What’s a task good for?

In an interview process, there are a few unknowns about the designer you are seeing. The goal of the task is to decipher these unknowns. It is true that you can potentially dig into a person’s behavior, idea generation and problem-solving in an interview, but I would argue that 60 minutes isn’t enough time and that someone put on the spot would yield mediocre answers at best unless we are talking to a really senior, thoughtful designer.

The things I find out from a task:

“Great portfolio, what did you do?” — It is standard procedure for designers to send over their CVs and portfolio and get filtered towards a first interview using these. I’ve noticed designers can talk for hours about their projects, which is expected. The explanation for this is that they have spent a lot of time working on them. Additionally, they’ve heard other people pitching these projects and are therefore able to reiterate that. Hopefully, these are successful projects (otherwise they wouldn’t have ended up in their portfolio). Moreover, the designer has probably pitched the projects in other interviews, so they are fully trained in talking about them. Consequently, this can make it hard for an interviewer to tell what they did in these projects as opposed to what others did. What elements were they truly responsible for?
To counter that I’d usually try to structure the interview and limit the time for portfolio walkthrough. After 15 minutes I’d start digging into a specific project. I’d expect candidates to have prepared a case study (which most don’t). I prefer to see three projects in depth rather than 20 one-pagers. I’m also going to be quite disappointed if the candidate just takes me through the portfolio they’ve already sent. I expect a different, more detailed version; after all, I’ve looked at it and read through it thoroughly before I invited them over.

Change of context — I find that many times people who are good at communication can speak very eloquently about anything they know. They can sell the case study even if it doesn’t exist. Putting them in a different context helps flesh out their improvisation skills and shows how they approach a design problem rather than a communication problem.

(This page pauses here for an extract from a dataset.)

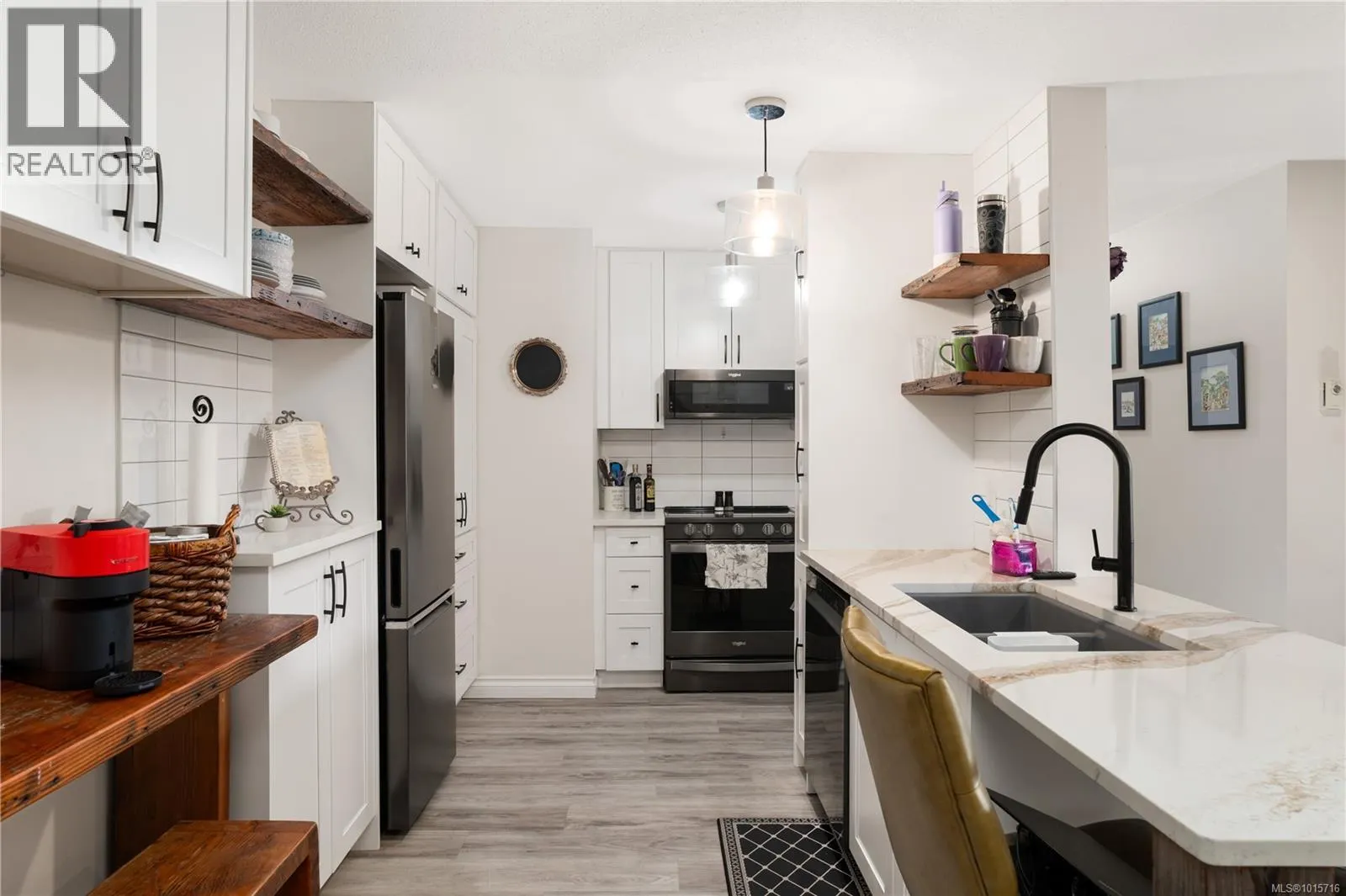 107 873 Esquimalt Rd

It’s the difference between seeing a Jony Ive narrated advert and seeing how he speaks in an interview. The gaps are outstanding! (sorry Jony, you are still great).

Assess speed — It is always good to know when things got done and how long they took. But time and estimations are a slippery concept for doers (ask any PM). There is also a huge difference between a sketch and a finished product. Designers sometimes spend weeks on their portfolios, which are the accumulation of years of experience. When you set a task you can really see if there is a gap between the time someone spent on a task and what they say they did, and whether they can measure time accurately. Because it’s an after work hours activity, it forces them to spend less time and focus on speed. Measuring scrappiness is an important skill as some projects they’ll encounter will have tight deadlines. Dealing with scrappiness is also an ego measurement. How does the designer deal with the fact that they’ve submitted something half-baked? That, later on, helps you assess their approach to feedback when you ask them about the details in the task. If every answer is “well I didn’t have time” rather than “I think that my next steps should have been XYZ,” you can tell what kind of attitude they have.

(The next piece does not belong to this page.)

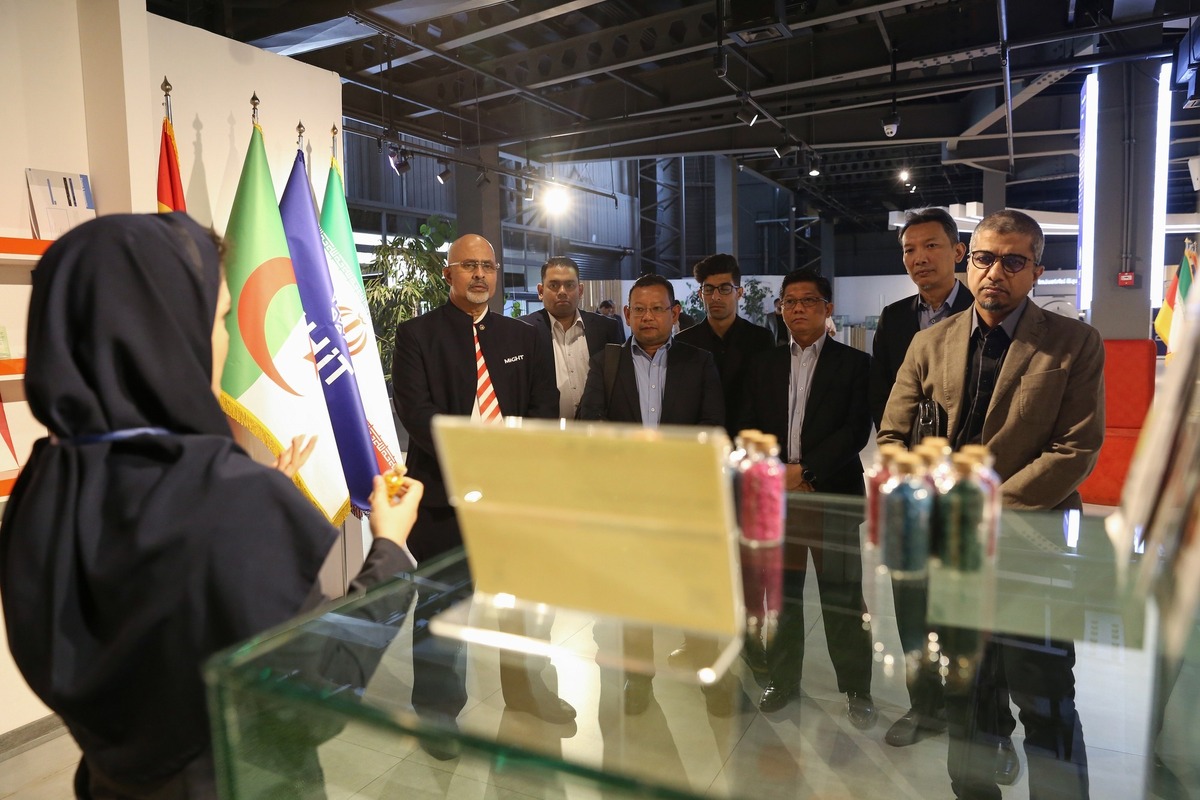 بازدید هیئت مالزیایی از خانه نوآوری و فناوری ایران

Assess commitment — Commitment is a provocative concept since some managers would argue that workplaces should respect people’s free time and not hammer them with tasks. After all, people have families and can potentially be doing other workplaces’ tasks too. It can become a burden on people’s lives.

However, it is essential and useful to question their motivation, and to know how much a designer would like to work for you; for their sake and for the longevity of their employment in your company. I’d specifically look at this factor if I’m hiring for a company that the candidate hasn’t heard of. Is the designer looking for a job because in your industry you pay more? Is it because you are just one out of hundreds he applied for in his search (it can be easy to click the apply button)? On the contrary, is it because your company is famous? Some companies have more fame and status in comparison to others. In these companies, people may come to gain a reputation rather than because they really want to work there. Not every company is Epic or Nike. It might be interesting to know how long that person would stay in your company but that is really hard to guess.

Commitment is measured unfortunately by how much time people spend on the task and your ability to see it in the result.

Assess market understanding — Some designers will have pre-knowledge that is useful to you. Perhaps they’ve worked in your industry or fields. But usually, designers move horizontally and don’t stay in the same industry for very long (curious bunch). A task can show how fast the designer can get up to date with the quirks of your industry and how thorough their research skills are.

Process and planning — Since the task time frame is short, the manager can measure how systematic the designer is. Seeing how far they took it when they stopped helps to understand the designer’s planning skills. It is also important to see if the designer flagged open questions, what assumptions they made and whether they thought of what’s next (if they could have spent more time on it).

Related or not related to your business? — Many designers will feel used if you ask them directly about your business. “Oh, they are just trying to source ideas from us”. However, if you design a task that is completely unrelated to what you do it might destroy your chances of measuring how they do research about your industry or understand your domain. So my advice is to set a task that’s kind of related, but detailed enough for the designer to feel that you’re not just going to take their ideas and implement them tomorrow without giving them a job.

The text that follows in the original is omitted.